Business Essentials for Professionals


Hacking Into Emotions of Traders is Wall Street’s Next Frontier

Hacking Into Emotions of Traders is Wall Street’s Next Frontier
A millennial who had only recently been allowed to set foot on a Wall Street floor, was obviously in deep trouble as he made bad bets and lost $4.9 million in a single afternoon  in a panic to recoup his losses.
But this wasn’t the end to his career as he was simply taking part in a real life Wall Street situation simulation created by an MIT finance professor, Andrew Lo. The aim of the experiment is to identify the basis of how top performers respond to market volatility and if they can be identified.
Lo rigged a conference room with monitors to create a lab where 57 stock and bond traders lent their bodies to science in a New York-based global investment bank which he refused to name, in 2014.  

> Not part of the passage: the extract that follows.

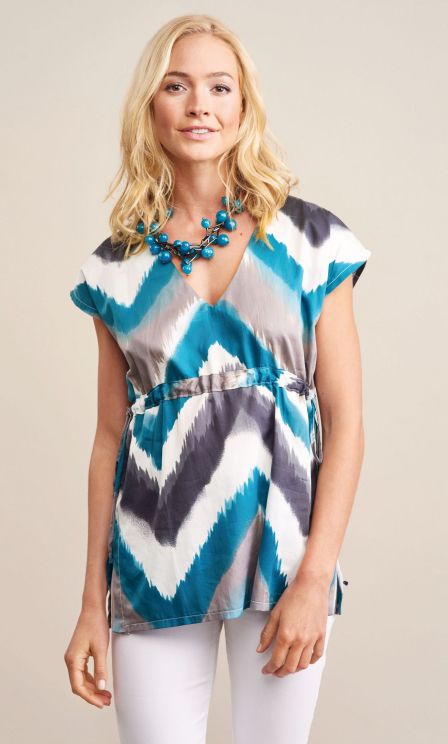 V-Neck Drawstring Blouse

To harvest insights from the terabytes of customer information they possess, big-data teams have already been set up by banks. Banks are now trying to find out if they can limit losses in their biggest cost center – employees and whether they can improve operations. Systems that monitor worker emotions to boost performance and compliance is being seriously considered by companies including JPMorgan Chase and Bank of America and are holding discussions with tech companies.
Technology offers a way to even the fight as machines encroach on humans’ role in the markets. Traders could be warned to step away from their desks when their emotions run wild by the devices Lo used—wristwatch sensors that measure pulse and perspiration. What interested the bank that allowed the MIT study was the use of devices that could also be used to screen hires to find those whose physiology is best suited to risk-taking.
Lo says that keeping tabs on employees was the most promising application and the one with the most profound privacy issues. Problems brewing on a specific desk, such as unauthorized trading, could be spotted by risk manager using the devices and take measures before there is too much damage.
“Imagine if all your traders were required to wear wristwatches that monitor their physiology, and you had a dashboard that tells you in real time who is freaking out. The technology exists, as does the motivation—one bad trade can cost $100 million—but you’re talking about a significant privacy intrusion,” Lo says.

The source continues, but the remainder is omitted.